After the kernel reaches the end of the input, all the summation outputs are arranged in the order they were produced, and based on which row in the original input they were produced from, to form the final output
For a visual illustration, refer to the GIF below.
What this means is that each time the kernel works goes over a set of pixels, it aggregates the total value of all the pixels in its area of influence.
The larger the kernel, the more the fine-grained details in an image are absorbed into the aggregate, whereas a small kernel will retain each pixel's
relative strength over neighbouring pixels, thus preserving the details of the image.
As such, we can conclude that a small kernel size is useful for extracting detailed features, while a large kernel size is good for getting
the general structure of an object.
On the application side, the visualised results above also show us how convolutions using a larger kernel size present a use case for blurring effects on images.
For the second experiment, I kept the kernel size constant at 1. This time, I wanted to test the effect of changing the stride length on the convolution result.
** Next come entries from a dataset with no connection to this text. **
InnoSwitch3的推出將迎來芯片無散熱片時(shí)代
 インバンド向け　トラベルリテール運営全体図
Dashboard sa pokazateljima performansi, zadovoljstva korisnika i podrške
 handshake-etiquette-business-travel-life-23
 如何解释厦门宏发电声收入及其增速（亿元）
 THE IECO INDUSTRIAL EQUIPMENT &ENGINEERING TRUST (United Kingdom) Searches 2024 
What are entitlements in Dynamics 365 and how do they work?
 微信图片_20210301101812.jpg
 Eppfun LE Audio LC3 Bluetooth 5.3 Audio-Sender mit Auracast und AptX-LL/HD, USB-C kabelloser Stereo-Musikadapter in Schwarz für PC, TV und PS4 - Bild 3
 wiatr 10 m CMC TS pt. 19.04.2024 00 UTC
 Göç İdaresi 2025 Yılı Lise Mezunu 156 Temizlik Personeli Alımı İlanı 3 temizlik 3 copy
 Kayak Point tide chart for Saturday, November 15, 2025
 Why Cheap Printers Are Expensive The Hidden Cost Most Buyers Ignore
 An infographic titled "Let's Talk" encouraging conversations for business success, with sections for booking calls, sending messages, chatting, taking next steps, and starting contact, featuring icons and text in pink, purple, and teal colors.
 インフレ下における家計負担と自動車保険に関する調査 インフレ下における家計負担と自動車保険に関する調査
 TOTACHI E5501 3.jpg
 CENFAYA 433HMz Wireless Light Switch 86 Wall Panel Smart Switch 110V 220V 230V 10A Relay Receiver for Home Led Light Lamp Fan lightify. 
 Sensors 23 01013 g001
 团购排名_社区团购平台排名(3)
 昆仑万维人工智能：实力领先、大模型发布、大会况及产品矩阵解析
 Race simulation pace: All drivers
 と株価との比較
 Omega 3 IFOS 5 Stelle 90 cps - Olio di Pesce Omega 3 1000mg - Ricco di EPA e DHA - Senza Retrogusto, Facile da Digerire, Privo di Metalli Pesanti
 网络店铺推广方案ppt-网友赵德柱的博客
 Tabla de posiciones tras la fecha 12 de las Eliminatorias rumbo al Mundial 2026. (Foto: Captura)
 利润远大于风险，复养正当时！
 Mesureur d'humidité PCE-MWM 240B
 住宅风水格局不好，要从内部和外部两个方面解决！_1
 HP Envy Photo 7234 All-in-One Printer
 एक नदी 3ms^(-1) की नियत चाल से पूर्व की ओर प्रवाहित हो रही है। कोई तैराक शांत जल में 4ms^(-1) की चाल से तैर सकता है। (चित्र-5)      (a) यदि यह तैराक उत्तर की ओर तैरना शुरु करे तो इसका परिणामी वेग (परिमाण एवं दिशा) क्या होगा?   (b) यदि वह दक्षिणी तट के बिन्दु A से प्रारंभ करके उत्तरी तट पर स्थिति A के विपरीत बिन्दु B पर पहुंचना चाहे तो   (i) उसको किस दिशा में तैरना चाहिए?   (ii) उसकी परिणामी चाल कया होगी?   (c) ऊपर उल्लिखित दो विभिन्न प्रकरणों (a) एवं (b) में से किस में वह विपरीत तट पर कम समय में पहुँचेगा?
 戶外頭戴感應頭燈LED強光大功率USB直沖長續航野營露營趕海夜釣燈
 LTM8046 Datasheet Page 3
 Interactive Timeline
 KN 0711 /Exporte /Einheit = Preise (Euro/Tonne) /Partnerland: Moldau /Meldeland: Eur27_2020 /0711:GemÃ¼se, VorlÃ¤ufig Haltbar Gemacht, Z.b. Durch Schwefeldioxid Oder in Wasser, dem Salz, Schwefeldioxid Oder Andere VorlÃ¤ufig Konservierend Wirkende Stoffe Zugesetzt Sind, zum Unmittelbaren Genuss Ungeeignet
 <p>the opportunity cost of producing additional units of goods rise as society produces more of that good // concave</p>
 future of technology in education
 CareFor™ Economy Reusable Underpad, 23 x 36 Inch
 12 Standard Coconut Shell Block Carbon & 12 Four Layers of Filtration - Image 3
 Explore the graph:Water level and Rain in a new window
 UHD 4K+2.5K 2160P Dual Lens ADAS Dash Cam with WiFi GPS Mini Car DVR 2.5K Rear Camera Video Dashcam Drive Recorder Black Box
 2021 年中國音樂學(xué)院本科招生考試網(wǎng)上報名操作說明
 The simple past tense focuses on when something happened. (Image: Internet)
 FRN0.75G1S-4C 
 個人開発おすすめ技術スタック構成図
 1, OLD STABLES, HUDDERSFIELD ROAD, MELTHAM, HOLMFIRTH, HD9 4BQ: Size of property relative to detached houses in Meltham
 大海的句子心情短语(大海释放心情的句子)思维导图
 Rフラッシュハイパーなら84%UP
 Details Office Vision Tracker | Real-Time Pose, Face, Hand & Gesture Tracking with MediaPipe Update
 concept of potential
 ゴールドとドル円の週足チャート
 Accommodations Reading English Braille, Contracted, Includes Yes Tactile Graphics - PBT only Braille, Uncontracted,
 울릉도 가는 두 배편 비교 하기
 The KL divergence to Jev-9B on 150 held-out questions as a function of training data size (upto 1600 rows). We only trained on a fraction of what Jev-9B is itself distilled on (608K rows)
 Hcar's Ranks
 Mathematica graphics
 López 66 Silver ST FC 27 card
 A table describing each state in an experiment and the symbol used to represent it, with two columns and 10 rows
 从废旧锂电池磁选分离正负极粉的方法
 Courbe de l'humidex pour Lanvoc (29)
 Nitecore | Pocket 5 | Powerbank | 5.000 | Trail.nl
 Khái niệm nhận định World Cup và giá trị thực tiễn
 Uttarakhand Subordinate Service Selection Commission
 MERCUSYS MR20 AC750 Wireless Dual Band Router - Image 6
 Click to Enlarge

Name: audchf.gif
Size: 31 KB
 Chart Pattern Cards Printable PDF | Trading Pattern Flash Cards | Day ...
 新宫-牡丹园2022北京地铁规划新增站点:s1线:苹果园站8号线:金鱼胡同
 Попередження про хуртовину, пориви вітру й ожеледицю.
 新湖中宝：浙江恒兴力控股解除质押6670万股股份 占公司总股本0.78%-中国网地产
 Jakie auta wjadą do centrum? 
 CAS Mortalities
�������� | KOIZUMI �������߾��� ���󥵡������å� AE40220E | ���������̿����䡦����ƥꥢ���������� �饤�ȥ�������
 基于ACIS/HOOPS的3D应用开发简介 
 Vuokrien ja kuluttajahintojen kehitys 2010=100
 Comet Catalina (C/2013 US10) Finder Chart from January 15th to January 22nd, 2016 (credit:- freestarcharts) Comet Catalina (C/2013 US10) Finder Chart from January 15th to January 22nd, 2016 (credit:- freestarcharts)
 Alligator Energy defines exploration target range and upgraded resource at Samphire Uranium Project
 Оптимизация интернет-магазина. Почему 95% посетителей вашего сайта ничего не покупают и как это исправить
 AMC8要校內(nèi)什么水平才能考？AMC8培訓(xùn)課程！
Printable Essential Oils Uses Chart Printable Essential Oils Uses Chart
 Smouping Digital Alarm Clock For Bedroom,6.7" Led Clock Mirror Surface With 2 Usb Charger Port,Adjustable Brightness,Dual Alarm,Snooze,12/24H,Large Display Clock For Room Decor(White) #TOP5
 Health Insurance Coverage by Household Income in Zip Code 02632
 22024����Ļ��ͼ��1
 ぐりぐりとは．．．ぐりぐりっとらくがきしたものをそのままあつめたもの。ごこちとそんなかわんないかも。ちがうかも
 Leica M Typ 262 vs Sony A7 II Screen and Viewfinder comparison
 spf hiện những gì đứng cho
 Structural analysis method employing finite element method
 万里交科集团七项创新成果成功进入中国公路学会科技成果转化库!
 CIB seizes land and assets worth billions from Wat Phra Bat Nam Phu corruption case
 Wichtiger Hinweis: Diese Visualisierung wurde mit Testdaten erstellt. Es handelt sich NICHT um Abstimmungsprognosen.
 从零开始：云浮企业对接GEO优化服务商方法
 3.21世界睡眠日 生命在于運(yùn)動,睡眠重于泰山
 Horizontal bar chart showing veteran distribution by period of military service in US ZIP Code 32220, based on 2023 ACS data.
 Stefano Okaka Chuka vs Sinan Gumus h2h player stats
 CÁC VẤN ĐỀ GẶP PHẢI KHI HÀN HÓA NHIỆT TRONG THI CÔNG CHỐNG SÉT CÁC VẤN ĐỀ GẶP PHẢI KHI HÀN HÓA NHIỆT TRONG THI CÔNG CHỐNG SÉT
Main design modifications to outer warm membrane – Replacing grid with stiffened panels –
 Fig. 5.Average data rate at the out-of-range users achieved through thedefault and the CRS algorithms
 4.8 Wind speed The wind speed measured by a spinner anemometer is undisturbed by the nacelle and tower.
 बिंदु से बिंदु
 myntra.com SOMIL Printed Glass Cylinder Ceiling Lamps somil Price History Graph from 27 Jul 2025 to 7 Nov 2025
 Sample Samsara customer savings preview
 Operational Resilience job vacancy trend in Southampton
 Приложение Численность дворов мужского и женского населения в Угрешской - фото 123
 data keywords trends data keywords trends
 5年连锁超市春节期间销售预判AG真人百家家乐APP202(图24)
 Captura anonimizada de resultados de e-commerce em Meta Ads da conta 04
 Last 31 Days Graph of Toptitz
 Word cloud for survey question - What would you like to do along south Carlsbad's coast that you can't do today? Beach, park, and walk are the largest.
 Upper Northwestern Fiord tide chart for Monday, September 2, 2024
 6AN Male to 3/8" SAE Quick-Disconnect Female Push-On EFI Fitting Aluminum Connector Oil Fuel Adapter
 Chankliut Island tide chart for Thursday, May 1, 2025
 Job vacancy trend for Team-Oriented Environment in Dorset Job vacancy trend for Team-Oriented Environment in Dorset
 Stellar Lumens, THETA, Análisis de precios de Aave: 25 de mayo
For a stride length of 1 to 10, the convolution result is as shown in the GIF below.
From the GIF, we can see how increasing the stride length causes a severe drop in image resolution. It is also interesting to note that the image details become patchy
rather than smooth unlike when the kernel changes.
Similar to increasing the kernel size, increasing stride length causes a loss in information from the input image. This is because the kernel skips the number of pixels equal to the stride length (Step 4 of the convolution operation summary above). For a kernel size of only 1, as used in my experiments, this causes information in the skipped pixels to be lost in the final output.